▸ **Problem**
Lines holding the string "Manchester" are the ones to copy; find them all in the data.
--- Data excerpts ---
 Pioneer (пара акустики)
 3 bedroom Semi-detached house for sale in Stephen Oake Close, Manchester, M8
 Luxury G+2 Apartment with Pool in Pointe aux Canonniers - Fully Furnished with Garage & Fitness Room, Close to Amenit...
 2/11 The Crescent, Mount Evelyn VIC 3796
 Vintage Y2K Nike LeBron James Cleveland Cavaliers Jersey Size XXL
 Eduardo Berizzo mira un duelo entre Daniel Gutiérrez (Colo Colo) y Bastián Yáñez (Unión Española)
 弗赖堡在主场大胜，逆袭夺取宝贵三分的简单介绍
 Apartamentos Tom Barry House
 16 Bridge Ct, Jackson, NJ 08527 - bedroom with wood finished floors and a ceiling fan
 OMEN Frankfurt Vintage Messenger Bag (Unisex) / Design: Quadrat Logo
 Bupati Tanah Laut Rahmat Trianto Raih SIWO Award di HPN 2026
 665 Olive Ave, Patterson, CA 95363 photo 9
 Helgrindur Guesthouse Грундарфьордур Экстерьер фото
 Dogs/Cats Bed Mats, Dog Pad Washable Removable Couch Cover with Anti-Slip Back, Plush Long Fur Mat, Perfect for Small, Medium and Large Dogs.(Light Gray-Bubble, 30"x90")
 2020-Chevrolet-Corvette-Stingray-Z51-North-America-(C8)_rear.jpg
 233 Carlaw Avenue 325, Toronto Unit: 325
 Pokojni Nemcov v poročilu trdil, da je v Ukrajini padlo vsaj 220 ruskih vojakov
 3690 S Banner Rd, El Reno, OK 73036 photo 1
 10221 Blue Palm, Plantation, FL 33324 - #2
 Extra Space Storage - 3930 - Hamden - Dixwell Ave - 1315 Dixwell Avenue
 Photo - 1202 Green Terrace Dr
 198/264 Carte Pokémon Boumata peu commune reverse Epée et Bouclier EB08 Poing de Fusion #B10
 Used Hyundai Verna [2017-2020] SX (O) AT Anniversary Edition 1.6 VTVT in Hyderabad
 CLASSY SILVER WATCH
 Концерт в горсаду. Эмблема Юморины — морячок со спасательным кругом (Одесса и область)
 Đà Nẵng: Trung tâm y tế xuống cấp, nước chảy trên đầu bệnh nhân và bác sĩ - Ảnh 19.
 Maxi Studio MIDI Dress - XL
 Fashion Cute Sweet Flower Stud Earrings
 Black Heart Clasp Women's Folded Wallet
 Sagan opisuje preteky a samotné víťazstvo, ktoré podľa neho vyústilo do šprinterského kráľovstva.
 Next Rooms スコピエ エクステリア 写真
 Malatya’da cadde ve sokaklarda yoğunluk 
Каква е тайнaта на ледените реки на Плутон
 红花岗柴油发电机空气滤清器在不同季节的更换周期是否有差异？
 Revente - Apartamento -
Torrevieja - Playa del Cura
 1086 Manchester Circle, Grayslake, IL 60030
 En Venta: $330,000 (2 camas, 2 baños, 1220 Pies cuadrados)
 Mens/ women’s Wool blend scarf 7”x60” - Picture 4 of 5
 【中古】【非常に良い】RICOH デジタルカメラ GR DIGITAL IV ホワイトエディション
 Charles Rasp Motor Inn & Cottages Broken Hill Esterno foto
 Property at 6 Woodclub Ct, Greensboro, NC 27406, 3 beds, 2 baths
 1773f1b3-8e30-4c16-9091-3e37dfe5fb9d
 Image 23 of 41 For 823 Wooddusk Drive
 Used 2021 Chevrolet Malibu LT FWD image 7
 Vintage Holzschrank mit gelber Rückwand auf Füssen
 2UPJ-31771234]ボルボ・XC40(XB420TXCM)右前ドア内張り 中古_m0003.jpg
---
▸ **Answer to this exercise**
 3 bedroom Semi-detached house for sale in Stephen Oake Close, Manchester, M8
 1086 Manchester Circle, Grayslake, IL 60030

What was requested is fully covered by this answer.